One-third of Hezbollah’s fighting force has been in Syria for four years now. One-third of the fighters have been either killed or wounded, and the burden of payments to their families is huge. Morale is affected too. Militants are reluctant to participate in another round of fighting in Syria after only narrowly escaping the previous time. It’s no wonder that in the past two years Hezbollah has been burying 16 and 17-year-old boys who volunteered to fight among the organization’s ranks in Syria.
So why did someone in the defense establishment decide to make headlines this week by linking the commencement of work on the northern border fence to a summer war against Hezbollah? This is not the finest hour for Hezbollah forces in southern Lebanon. Their ability to wear out and curb an Israeli ground maneuver has been reduced, as a significant part of the best or most professional forces reinforcing the defense lines in southern Lebanon is absent. If anyone in Israel decides there is a need to destroy Hezbollah’s base in southern Lebanon, now is the time.
A Hezbollah-initiated war coming out of Lebanon is out of the question right now, as far as the organization is concerned. Its leaders believe one of the ways to circumvent the “Maginot Line” Israel is building on its northern border is the Golan Heights. There, Israel is already wrestling with Hezbollah and Iran in different ways. This brawl is reflected in the Israeli strikes against the Syrian army in recent days—following the spillover of mortar shells into Israel—as part of the battle over shaping the Golan Height’s future.
It seems ever since the Russian army arrived in Syria, Israel keeps learning how a world power works. One of the tools frequently used by the Russians is called “soft force”: Deception, misleading, psychological warfare, a conflict between different parts of the population. On Sunday, for example, after the Israel Air Force bombed Syrian army units in Quneitra, the official Russian news agency reported the IDF had attacked posts of the al-Nusra Front rebel organization.
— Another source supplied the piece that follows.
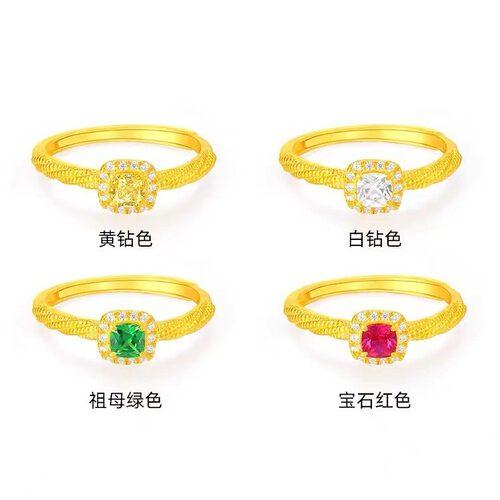 方糖戒指女越南沙金时尚轻奢超闪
That wasn’t true, but does it matter? In the Russian code, such a statement indicates to the Syrians: We have no intention of interfering in your fights with Israel in the Quneitra area. And to Israel it says: We acknowledge your interest in this area.
Israel doesn’t really think the fence would lead to war in the summer. If a conflict erupts, it will be for other reasons. It’s just working according to the Russian model to exert psychological and diplomatic leverages of pressure. So last week, Israel’s ambassador to the United Nations, followed by the Military Intelligence director, presented Hezbollah observation towers and accused UNIFIL of insufficient supervision, while this week, a military source created a headline that the fence could be used as a pretext for war.
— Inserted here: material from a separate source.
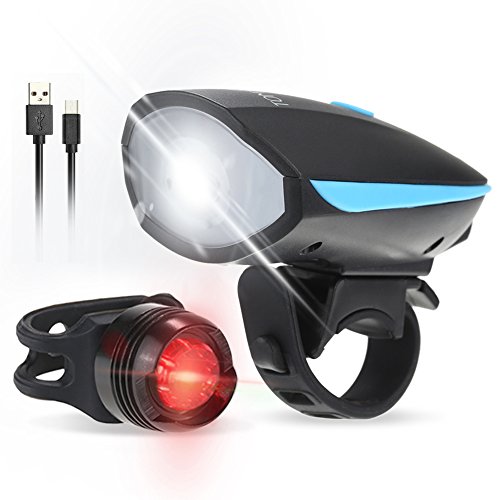 Tomshine Luz Bicicleta LED USB, Super Brillante LED Luz Delantera de la Bici y Luz de la Cola, 250LM 120dB Altavoz USB Recargable Impermeable Luces Ciclismo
It’s no coincidence. There is a message to Hezbollah here that if it fails to back down on its effort to establish strongholds in the Golan Heights, Israel may take advantage of its weakness in southern Lebanon and attack. This message is also recreating the recognition among the residents of southern Lebanon, and Lebanon in general, that Hezbollah may turn their lives into a living hell. To the world, this headline conveys the following message: Step up the sanctions against Hezbollah, because this terror organization is endangering the region’s stability.
The problem with the Russian method is that, in democratic societies, twisted messages could turn into a double-edged sword. The Galilee is thriving. The summer vacations are about to start. Such a message could dry up the Galilee. As soon as the first image of construction work on the fence is published, people will flee.